JAKARTA, KOMPAS.com – Indonesia can get some relief, as the country avoided going into lockdown as it starts giving Covid-19 vaccinations to its people nationwide.
Unfortunately, no such relief is coming for the Indonesian National Police, as the National Commission on Human Rights [Komnas HAM] revealed that it might have used excessively deadly force on the outlawed Islamic Defenders Front or FPI at a shootout outside Jakarta on December 7, 2020.
And insurgents in Papua literally keep the flames of their resistance alive, after they burned down a plane belonging to a missionary organization in the province. Read on for more on these stories:
President Jokowi Express Relief As Indonesia Avoids Lockdown
President Joko ‘Jokowi’ Widodo has maintained that Indonesia has no need to go into lockdown as the number of Covid-19 cases in the country surged past 800 thousand cases.

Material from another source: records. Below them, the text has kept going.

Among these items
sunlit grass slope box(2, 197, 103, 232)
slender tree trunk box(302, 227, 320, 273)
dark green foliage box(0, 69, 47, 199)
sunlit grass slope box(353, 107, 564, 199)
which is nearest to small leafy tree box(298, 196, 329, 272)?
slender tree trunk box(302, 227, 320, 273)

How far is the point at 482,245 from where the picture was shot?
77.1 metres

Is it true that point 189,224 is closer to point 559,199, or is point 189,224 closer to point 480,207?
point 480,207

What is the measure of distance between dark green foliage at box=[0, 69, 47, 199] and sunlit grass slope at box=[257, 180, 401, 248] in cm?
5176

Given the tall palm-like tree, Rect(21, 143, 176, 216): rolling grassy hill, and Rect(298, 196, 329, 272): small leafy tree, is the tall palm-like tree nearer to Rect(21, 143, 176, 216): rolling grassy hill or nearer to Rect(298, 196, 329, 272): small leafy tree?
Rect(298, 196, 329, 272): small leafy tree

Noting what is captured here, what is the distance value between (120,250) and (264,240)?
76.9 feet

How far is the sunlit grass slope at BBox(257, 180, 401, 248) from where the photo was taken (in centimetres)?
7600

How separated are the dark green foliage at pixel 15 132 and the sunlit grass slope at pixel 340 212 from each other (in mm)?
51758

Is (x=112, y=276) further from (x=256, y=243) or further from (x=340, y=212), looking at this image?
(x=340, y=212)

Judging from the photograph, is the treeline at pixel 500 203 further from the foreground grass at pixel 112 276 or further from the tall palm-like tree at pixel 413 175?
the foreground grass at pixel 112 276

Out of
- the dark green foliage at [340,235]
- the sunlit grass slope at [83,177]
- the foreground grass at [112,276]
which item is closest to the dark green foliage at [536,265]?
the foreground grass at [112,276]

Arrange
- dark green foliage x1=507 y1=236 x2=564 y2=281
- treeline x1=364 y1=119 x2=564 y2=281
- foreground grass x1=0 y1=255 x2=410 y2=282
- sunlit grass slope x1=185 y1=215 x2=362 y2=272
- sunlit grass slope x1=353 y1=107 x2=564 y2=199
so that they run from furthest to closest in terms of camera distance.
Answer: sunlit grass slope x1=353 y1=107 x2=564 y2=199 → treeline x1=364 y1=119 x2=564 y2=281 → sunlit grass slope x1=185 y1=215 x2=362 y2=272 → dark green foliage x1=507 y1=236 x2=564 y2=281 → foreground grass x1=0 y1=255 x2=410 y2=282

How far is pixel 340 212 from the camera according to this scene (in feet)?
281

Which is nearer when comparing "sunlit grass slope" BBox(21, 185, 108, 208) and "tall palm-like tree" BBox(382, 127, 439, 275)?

The President urged Indonesians to comply with the government’s compulsory Covid-19 vaccination drive, which starts nationwide next week, as doing so is for the common good.
“Anybody who refuses to be vaccinated [for Covid-19] is posing a danger to themselves and others,” he warned. “Vaccinations are needed to build up herd immunity to contain the spread of the coronavirus.”

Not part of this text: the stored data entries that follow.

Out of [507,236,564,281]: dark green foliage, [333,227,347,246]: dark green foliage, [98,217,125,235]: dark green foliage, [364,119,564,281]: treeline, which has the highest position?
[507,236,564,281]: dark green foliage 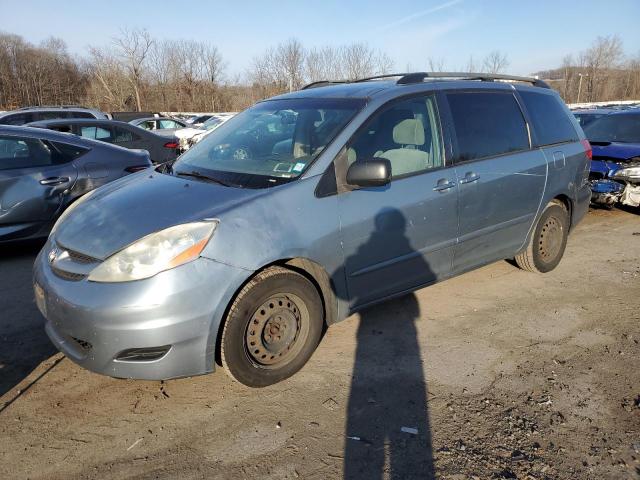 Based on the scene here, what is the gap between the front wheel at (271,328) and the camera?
277 centimetres

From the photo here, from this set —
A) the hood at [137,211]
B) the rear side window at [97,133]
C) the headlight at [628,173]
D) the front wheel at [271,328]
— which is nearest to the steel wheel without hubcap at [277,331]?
the front wheel at [271,328]

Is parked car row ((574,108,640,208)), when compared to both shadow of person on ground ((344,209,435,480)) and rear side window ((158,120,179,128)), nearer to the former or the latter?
shadow of person on ground ((344,209,435,480))

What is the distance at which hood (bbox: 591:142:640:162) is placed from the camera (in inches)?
287

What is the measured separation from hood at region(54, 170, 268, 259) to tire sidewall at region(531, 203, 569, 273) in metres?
3.08

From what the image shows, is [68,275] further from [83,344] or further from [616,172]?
[616,172]

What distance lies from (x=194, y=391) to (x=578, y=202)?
427 centimetres

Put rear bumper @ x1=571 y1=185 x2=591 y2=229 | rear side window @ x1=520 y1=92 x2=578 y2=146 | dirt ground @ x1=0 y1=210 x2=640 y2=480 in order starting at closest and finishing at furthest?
dirt ground @ x1=0 y1=210 x2=640 y2=480
rear side window @ x1=520 y1=92 x2=578 y2=146
rear bumper @ x1=571 y1=185 x2=591 y2=229

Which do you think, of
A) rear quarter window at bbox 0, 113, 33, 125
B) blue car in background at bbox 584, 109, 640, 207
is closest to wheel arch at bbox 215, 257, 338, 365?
blue car in background at bbox 584, 109, 640, 207

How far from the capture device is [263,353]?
2955mm

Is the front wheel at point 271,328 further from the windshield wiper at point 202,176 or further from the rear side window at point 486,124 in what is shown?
the rear side window at point 486,124

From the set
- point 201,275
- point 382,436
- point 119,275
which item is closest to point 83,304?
point 119,275

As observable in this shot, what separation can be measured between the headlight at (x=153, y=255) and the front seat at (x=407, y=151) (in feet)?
4.99

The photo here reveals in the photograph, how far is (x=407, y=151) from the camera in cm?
360

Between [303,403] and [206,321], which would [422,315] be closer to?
[303,403]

Indonesia has inked deals to purchase vaccines from the Sinovac, Astrazeneca, Novavax, and Pfizer, as well as other pharmaceutical companies.
Jokowi intends to immunize 182 million, or 70 percent of Indonesians for free, to gain herd immunity against Covid-19. The government estimated that Indonesia will need at least 426 million doses to give 182 million people two doses of the Covid-19 vaccine.
Indonesian National Police Suspected of Human Rights Violations in FPI Deaths
The Indonesian National Police will form a special team to investigate the deaths of six Islamic Defenders Front [ FPI] militants who were killed by the police on December 7, 2020.
“The special team will investigate the National Commission on Human Rights [Komnas HAM] report that investigators committed serious human rights violations, after it determined that four of the militants were already in police custody when officers killed them,” Argo said.
Komnas HAM Commissioner Choirul Anam “found evidence that the police at least made no efforts to minimize loss of life, and at worst committed an unlawful or extrajudicial killing.”
The police and the FPI have different versions of the shootout, which took place at a toll road outside Jakarta. The police’s reconstruction of the incident described how the FPI attacked first and shot at investigators.